Converting stack address to shared-memory object name
Utkarsh Rai
utkarsh.rai60 at gmail.com
Thu Jul 9 04:08:23 UTC 2020
On Wed, Jul 8, 2020 at 6:56 PM Gedare Bloom <gedare at rtems.org> wrote:
> On Wed, Jul 8, 2020 at 6:53 AM Sebastian Huber
> <sebastian.huber at embedded-brains.de> wrote:
> >
> > On 08/07/2020 14:43, Utkarsh Rai wrote:
> >
> > > Hello,
> > > For my GSoC project, I have to provide high-level APIs for sharing
> > > isolated stacks.
> > > The POSIX compliant high-level way of sharing stacks can be to create
> > > a shared memory object of the stack to be shared through shm_open and
> > > then mmap that to the address space of the current stack. My doubt is,
> > > shm_open() takes the path-name of the shared memory object. Since this
> > > is a high-level API, how does the user 'convert' the stack address to
> > > a shared memory object name?
> > Do we need any POSIX compatibility for this? What would you do in a
> > POSIX environment? You first get some memory, then hand it over to
> > shm_open() to get a file descriptor, then use the file descriptor in
> > mmap(), then use this for pthread_attr_setstack() and whatever?
>
> Yes, but the way to name objects is not set by posix.
>
> We need to provide our own way of translating an address into a name.
>
> > >
> > > Dr.Gedare mentioned that one way to deal with naming would be
> > > something like Mr.Sebastian has been doing with specifications. From
> > > what I could gather, it is a hierarchical way of representing
> > > objects(Though, I am not very sure if I understand this accurately).

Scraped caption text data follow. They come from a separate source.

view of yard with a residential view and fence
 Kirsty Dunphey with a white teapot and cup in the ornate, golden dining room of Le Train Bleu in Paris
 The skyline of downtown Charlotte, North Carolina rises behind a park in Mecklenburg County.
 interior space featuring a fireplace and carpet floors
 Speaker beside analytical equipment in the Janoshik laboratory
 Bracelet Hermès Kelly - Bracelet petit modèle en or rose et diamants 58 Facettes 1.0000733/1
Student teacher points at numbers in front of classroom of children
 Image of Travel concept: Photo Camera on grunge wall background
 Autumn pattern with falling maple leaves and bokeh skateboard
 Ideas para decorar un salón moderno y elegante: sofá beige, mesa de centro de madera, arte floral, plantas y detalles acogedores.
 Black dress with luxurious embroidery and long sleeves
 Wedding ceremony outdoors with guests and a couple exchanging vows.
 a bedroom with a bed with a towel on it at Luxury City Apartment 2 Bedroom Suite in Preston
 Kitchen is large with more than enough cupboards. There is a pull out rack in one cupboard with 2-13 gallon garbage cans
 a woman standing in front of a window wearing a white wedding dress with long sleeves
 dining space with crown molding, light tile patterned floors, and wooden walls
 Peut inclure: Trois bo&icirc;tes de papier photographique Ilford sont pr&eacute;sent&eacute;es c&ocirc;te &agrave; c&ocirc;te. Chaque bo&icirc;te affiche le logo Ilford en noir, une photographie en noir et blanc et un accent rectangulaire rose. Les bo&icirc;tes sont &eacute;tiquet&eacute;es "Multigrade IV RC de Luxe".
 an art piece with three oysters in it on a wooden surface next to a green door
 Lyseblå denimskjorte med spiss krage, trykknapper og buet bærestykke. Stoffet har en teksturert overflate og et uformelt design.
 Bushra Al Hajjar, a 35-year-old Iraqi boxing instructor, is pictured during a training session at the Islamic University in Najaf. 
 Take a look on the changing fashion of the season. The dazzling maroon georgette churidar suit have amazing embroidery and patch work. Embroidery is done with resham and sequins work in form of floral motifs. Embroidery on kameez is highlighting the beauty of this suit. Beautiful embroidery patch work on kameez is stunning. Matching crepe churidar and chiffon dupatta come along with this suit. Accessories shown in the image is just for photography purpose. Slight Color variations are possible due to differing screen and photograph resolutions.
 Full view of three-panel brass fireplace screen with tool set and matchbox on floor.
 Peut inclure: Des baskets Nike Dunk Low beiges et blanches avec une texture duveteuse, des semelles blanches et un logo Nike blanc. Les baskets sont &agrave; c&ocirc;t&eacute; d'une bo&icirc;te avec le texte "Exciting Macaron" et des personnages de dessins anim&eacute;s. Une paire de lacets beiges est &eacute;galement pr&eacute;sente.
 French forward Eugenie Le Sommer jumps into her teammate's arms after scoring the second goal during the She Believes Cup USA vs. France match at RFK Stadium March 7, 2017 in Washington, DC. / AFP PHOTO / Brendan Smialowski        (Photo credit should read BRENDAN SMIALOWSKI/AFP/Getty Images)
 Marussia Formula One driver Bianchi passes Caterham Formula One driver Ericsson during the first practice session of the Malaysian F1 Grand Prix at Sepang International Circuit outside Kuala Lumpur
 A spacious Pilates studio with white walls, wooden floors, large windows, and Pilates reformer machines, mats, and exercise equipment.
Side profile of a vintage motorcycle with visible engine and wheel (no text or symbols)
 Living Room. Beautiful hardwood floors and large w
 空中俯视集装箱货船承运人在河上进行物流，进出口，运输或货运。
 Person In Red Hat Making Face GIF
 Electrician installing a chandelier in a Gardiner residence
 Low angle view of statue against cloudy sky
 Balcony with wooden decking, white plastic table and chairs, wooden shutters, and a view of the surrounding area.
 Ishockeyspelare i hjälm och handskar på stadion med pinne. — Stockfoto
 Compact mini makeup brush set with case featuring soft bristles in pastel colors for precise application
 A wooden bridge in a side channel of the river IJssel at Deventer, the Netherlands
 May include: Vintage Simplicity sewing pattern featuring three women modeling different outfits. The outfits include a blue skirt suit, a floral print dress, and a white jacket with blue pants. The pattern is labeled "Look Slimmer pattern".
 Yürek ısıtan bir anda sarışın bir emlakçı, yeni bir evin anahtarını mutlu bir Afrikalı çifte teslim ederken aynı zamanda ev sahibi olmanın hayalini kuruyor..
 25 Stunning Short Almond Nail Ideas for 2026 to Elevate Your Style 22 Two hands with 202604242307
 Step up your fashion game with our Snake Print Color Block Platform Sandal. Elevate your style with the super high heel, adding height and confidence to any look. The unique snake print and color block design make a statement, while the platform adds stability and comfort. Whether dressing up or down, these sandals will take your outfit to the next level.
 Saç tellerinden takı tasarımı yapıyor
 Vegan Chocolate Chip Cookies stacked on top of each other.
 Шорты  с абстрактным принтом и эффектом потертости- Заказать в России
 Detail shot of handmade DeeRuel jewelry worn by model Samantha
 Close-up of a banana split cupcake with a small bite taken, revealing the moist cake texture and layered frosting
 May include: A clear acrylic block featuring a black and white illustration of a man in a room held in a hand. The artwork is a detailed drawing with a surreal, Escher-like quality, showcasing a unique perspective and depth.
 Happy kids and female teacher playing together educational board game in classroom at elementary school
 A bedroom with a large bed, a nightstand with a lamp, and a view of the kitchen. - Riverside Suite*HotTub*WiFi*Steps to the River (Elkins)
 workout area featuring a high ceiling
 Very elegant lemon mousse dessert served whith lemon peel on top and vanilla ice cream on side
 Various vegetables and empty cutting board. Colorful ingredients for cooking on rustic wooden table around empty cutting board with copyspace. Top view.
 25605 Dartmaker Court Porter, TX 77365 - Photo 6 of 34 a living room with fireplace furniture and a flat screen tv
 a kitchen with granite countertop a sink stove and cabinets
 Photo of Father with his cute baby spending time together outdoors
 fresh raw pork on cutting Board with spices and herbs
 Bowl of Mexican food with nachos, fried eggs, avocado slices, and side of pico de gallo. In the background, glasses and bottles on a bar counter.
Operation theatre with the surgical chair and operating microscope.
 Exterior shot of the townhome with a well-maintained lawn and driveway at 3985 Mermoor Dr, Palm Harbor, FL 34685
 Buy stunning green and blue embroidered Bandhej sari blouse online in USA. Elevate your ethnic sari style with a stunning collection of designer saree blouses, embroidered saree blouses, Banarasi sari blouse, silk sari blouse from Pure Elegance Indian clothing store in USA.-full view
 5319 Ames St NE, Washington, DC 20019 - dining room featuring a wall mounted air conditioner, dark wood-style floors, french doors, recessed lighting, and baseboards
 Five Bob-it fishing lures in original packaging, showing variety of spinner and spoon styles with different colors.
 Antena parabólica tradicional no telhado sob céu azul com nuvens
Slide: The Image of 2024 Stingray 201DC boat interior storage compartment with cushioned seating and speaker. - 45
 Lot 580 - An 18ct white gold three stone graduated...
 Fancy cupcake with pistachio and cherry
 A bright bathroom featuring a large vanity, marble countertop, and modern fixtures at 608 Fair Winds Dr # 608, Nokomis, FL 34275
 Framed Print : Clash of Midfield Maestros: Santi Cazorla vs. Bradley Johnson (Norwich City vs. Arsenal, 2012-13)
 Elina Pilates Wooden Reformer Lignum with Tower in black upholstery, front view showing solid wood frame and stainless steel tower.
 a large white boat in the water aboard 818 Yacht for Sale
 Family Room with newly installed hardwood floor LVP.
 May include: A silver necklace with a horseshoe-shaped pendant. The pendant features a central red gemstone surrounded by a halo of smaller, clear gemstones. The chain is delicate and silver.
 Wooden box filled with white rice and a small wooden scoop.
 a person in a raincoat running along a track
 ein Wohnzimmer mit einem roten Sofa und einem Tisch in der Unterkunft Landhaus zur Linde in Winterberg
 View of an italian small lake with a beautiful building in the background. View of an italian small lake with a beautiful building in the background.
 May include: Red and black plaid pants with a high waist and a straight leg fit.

> > > How can something like this be implemented for naming stack-addresses?
> > I am not sure if the specification of RTEMS is helpful in this context.
>
> I should have provided a little bit more guidance. I was thinking out
> loud in yesterday's IRC meeting. My thought was more along the lines
> of looking at how UIDs/naming should be done, and that specs had to
> solve a naming problem. However the static nature of specs is not a
> great fit to this problem.
>
> Actually, what is a good model would be something like /proc or
> Linux's sysfs. An IMFS filesystem that exports task information could
> be used to name memory regions. (It could eventually supplant
> task-based statistics reporting too.)
>
> Another idea I had though, which seems to have been lost in the
> shuffle, is to look at how the object names work in RTEMS and see if
> we can add some fixed relationships, e.g., task_name # stack.
>
> I think we should start by just treating the entire task stack as a
> single named object; either it is all shared, or none of it is shared.
> This will be easier to implement and also more widely supported by
> simpler MPU/MMU hardware. Later on, we can consider extending the
> namespace with 'offsets' /taskfs/IDLE/stack/00000A28
> could be a location at byte A28 offset from the start of the stack of
> the IDLE task.
>
>
I have a few questions -
> Users would get the stack address of the stack they want to share
through pthread_attr_getstack(). Now, when they get the address they want
to share, they would pass the appropriate name of this memory-region. What
we have to provide is a mechanism to 'convert' this address to an
appropriate name. Is this the accepted way or the other way round, i.e. the
user passes a name as per a specified convention, and that name is
'converted' to a specific address?
> When you say "treating the entire task stack as a single named object"
does it mean that we assign a single name, say "task_stack" to the complete
stack address space? In that case, how do we deal we the presence of
multiple tasks that are allocated from the same pool of task stack? I
understand that on a simpler MPU/MMU hardware it would make sense to
specify names for each memory section (.txt- "text", .bss - "bss" etc.) but
in this case, where we are sharing only selected thread-stacks, I suppose
we will have to have a way to handle 'offsets' right from the start?